Most of his customers were businessmen like me with expense accounts from wineries and visitors from big cities around Spain. Sadly, most of the locals didn’t understand what he was trying to create. It wasn’t the cost of the meal but rather the modern twist on our regional cuisine that turned people off. Here, most diners preferred simplicity of style, food like their mothers used to make in the village. I always thought it funny that people wanted to be seen driving Audis and BMWs but would rather eat in a local tavern.
The recession of the late 1980s slowed business down, especially from the wineries, and by the mid nineties Lorenzo decided to close La Merced. He didn’t go away, though. Realizing that even though Riojans didn’t appreciate a fine dining experience on a Friday or Saturday evening, they were prepared to pay big money for their children’s christenings, first communions and weddings, as well as for government-sponsored awards dinners, so he reopened La Merced in a huge new facility on the outskirts of Logroño as an events caterer and has been going full speed ahead ever since.
Two weeks ago, our local newspaper LA RIOJA took a big stand at San Sebastian Gastronomika, one of the world’s foremost gastronomic congresses. The paper invited me along to cover the event from a ‘foreigner’s’ perspective. Each day for three days, a lunch was prepared for chefs and journalists by a famous Riojan chef – Francis Paniego of Echaurren, Ignacio Echapresto of La Venta Moncalvillo (each of these with a Michelin star) and of course, Lorenzo Cañas.
All three meals were very good but all of us from the newspaper agreed that Lorenzo blew the others away.
A humble man not satisfied with his effort in San Sebastian (although I thought that his cod in tomato sauce was the best I had ever tasted) Lorenzo decided to invite us for lunch last Friday at La Merced, serving the same meal as in San Sebastian.

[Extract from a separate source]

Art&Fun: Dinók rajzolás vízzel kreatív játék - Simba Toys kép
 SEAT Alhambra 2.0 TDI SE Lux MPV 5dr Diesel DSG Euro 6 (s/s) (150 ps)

It was even better than the time before, and all the more amazing because Lorenzo is capable of serving that kind quality to three hundred people at a time.
Lorenzo spent several hours during and after the meal answering questions and reminiscing about his 40-plus years of experience. His only admission of any prestigious achievement was showing us his book of VIP guests, filled with words of admiration from heads of state, ministers, actors, actresses and other celebrities. The walls of his private dining room are covered with awards and certificates of membership in the most famous gastronomic societies in the world.
I feel sorry for friends who visit us here – we can take them to great tapas bars, local holes-in-the-wall and Michelin-starred restaurants, but to eat a Lorenzo Cañas meal you have to be invited to a first communion or a wedding!
Oh, I almost forgot about the wines:
Lealtanza white 2012 (Bodegas Altanza)
Tobelos crianza (Bodegas Tobelos)
Tahón de Tobelos reserva (Bodegas Tobelos)
Sorry for not including any tasting notes – I was too busy enjoying the food!